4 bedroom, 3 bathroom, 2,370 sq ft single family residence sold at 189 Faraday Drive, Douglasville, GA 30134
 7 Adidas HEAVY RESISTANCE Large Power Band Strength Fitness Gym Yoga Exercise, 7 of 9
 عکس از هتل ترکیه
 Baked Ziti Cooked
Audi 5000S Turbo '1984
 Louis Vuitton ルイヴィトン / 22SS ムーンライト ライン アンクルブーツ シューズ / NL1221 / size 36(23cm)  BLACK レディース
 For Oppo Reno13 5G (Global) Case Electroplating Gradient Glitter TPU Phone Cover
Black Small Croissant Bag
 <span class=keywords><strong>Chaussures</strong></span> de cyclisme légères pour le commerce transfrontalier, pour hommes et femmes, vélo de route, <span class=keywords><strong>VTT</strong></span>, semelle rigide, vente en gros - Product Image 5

* Action item: Please copy out every entry word for word.

* Written response:
4 bedroom, 3 bathroom, 2,370 sq ft single family residence sold at 189 Faraday Drive, Douglasville, GA 30134
 7 Adidas HEAVY RESISTANCE Large Power Band Strength Fitness Gym Yoga Exercise, 7 of 9
 عکس از هتل ترکیه
 Baked Ziti Cooked
Audi 5000S Turbo '1984
 Louis Vuitton ルイヴィトン / 22SS ムーンライト ライン アンクルブーツ シューズ / NL1221 / size 36(23cm)  BLACK レディース
 For Oppo Reno13 5G (Global) Case Electroplating Gradient Glitter TPU Phone Cover
Black Small Croissant Bag
 <span class=keywords><strong>Chaussures</strong></span> de cyclisme légères pour le commerce transfrontalier, pour hommes et femmes, vélo de route, <span class=keywords><strong>VTT</strong></span>, semelle rigide, vente en gros - Product Image 5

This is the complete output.